I've barely scratched the surface of the game and already I've fought at least twenty five different monsters and wild animals, all lavishly rendered with their own mechanics of movement. All of them are dangerous; even the dodo-like Scavenger can kill you if you drop your guard. At this early stage there are whole areas that I've had to avoid because there are creatures there who will kill me within seconds. The only way to deal with them is to turn around and run like hell, hopefully without colliding into their mates in the process. Eventually I'll have the weapons, the skills and the armour to come back and clear them out, but it will take a while.


Experience points are pretty easy to come by, but experience is worth jack squat without gold. Gold IS hard to come by, at least in the quantities you need to properly equip yourself. If you kill a monster with a weapon, then take their weapon, you'll find it's usually worth between 5 and 15 gold pieces. By contrast, a set of heavy armour costs 70,000 gold pieces. I like slaughtering goblins as much as the next guy, but do I really need to kill 14,000 of them just to get some decent armour?


It doesn't help that the trading system is badly designed. You can't just stroll up to a bloke in the pub and offer to sell him your Magic Sword of Awesomeness for 500 gold pieces. You can only trade. If you need gold, you must put all of his gold on one side of the ledger, then hunt through your inventory finding enough gold, weapons, spell scrolls, rare herbs, random pieces of hardware and the occasional lute to match that amount. So I often seem to find myself in the position of needing 1000 gold pieces, having 800 in gold and 2000 worth of spare stuff, and not being able to buy what I want because everyone I meet has a minimum of 5000, which is 2200 more than I can raise. It's rather dispiriting to go into a town and discover that every single person there is way richer than me.

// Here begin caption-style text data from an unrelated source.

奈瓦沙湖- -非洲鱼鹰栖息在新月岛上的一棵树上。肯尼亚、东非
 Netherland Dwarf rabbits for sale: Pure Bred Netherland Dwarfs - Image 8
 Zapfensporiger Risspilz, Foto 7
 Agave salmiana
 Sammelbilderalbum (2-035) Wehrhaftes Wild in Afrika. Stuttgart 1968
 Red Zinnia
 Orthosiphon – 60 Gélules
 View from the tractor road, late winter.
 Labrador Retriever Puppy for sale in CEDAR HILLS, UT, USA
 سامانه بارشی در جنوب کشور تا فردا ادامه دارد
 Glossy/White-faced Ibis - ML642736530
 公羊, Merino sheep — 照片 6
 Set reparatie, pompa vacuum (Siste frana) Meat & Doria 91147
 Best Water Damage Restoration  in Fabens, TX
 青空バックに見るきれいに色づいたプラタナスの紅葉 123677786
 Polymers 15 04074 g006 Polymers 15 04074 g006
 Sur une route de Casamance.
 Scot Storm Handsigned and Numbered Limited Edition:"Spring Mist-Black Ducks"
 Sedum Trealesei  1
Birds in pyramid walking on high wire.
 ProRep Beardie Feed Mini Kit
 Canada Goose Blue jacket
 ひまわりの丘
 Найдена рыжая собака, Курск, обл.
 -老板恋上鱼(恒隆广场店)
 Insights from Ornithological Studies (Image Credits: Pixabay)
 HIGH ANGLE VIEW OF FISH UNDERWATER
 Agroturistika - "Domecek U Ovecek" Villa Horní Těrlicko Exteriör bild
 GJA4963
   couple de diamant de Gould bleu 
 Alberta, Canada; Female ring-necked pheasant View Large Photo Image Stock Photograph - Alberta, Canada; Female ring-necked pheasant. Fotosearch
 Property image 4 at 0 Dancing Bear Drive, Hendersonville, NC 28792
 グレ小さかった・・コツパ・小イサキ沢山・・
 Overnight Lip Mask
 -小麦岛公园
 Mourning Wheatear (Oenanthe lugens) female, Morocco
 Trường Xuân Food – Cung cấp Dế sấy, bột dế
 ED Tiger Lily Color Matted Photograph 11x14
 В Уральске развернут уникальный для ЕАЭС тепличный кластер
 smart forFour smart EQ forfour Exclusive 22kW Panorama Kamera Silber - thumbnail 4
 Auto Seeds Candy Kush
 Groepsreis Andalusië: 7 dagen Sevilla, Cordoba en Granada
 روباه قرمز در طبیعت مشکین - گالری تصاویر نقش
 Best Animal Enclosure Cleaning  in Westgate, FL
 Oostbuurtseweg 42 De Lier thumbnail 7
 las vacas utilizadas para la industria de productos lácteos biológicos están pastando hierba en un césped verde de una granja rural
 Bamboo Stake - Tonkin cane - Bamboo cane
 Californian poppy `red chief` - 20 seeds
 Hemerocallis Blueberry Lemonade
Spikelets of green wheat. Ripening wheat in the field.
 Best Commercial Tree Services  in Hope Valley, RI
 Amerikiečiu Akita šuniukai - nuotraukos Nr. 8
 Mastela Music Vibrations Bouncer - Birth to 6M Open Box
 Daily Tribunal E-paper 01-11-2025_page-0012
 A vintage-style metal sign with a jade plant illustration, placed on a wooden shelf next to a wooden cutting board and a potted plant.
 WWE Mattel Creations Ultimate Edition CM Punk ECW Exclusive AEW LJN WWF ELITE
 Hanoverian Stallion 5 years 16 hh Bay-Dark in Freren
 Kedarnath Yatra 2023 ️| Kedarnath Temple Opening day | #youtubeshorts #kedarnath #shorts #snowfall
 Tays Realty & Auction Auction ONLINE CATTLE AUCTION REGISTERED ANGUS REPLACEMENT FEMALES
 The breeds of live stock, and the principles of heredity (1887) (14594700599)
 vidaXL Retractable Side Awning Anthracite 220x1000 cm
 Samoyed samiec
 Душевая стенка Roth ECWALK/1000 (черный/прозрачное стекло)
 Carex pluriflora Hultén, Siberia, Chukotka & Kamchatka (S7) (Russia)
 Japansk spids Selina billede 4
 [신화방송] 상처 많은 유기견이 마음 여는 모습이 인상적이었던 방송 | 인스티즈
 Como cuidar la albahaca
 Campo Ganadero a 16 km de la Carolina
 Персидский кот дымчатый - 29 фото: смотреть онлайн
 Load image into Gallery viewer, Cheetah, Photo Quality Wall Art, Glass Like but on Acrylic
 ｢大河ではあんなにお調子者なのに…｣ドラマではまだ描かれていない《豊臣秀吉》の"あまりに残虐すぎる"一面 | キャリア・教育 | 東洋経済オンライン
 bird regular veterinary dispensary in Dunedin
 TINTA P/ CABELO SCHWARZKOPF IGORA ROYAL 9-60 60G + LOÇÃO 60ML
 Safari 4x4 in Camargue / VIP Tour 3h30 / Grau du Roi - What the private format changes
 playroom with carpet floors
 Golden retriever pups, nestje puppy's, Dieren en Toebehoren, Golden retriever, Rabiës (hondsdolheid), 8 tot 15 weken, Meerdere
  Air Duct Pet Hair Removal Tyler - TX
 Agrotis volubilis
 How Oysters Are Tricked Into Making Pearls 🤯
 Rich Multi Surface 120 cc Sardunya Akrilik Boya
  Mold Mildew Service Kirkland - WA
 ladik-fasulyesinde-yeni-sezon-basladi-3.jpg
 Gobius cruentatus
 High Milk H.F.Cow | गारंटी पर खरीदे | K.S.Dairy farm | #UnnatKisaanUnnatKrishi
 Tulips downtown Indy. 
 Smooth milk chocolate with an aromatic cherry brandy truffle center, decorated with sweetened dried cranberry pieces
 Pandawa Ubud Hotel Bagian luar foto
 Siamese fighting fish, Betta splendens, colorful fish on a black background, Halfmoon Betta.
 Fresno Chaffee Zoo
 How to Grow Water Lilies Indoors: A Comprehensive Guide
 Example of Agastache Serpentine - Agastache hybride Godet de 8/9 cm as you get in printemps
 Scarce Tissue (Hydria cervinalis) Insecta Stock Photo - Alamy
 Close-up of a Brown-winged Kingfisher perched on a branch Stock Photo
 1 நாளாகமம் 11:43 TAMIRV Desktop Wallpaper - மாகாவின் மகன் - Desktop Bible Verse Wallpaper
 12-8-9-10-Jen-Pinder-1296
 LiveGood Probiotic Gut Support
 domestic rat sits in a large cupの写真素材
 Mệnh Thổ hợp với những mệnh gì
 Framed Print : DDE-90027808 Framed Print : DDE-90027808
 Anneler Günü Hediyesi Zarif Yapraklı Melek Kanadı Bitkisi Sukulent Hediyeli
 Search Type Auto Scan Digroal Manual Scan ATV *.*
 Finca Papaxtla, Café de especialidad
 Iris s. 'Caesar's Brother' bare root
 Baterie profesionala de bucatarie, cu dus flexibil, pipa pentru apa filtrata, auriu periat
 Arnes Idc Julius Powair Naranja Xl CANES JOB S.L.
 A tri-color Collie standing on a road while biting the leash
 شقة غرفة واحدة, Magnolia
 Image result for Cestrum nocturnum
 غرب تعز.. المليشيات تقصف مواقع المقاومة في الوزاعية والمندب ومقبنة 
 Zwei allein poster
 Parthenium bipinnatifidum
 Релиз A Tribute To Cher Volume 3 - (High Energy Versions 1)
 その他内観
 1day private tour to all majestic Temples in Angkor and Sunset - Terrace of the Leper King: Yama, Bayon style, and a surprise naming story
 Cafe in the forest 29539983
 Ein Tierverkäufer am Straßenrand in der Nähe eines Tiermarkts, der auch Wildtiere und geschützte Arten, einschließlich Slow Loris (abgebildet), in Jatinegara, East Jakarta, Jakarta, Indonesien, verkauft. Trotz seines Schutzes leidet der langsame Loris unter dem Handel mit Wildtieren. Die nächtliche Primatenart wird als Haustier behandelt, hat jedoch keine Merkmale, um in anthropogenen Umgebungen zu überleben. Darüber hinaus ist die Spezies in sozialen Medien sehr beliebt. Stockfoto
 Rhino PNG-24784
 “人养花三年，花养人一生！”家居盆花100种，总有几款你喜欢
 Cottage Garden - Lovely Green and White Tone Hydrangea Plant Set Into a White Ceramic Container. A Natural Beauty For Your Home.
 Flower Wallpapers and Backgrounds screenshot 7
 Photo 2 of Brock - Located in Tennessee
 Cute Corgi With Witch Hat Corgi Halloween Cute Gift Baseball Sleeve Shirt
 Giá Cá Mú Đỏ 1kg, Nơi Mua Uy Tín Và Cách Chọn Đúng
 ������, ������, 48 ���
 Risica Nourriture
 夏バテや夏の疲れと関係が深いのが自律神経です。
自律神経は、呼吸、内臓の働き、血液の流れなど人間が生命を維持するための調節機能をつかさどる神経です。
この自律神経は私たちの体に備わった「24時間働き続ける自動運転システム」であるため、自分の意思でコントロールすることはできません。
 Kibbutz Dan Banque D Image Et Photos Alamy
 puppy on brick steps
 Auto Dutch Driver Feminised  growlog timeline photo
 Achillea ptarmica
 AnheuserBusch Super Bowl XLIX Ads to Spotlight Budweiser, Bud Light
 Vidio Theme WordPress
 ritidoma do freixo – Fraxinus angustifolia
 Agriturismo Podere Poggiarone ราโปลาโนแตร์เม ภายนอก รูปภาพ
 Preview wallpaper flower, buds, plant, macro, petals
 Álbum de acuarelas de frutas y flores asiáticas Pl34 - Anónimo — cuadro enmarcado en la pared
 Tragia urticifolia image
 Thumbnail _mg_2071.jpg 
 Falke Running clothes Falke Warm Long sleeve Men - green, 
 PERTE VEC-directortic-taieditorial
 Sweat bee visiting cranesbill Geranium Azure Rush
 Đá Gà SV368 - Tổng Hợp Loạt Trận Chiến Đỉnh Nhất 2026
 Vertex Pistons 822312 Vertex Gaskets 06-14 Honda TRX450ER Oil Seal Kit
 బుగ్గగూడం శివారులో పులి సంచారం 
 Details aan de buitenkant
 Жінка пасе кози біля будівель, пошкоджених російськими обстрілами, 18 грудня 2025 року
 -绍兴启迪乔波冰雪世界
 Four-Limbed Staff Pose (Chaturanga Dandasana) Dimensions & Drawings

The internet tells me that Gothic 3 is widely reviled. Apparently the earliest versions of the game, released in 2006, were more bug-infested than a picnic in a swamp, and the lush graphics taxed ordinary computers beyond their limits. Now that the bugs appear to have been fixed, and my reasonably high-end 2008 computer is hosting the game, these faults are no longer relevant. True, the voice acting is mediocre, the combat design is primitive, the quests occasionally contradict each other and the game momentarily but jarringly pauses to refresh the scenery if you run in any direction for more than a couple of seconds. But it looks beautiful, it's fun to play, and hey, everyone likes being able to spend an evening or two butchering their way across a fantasy ecosystem.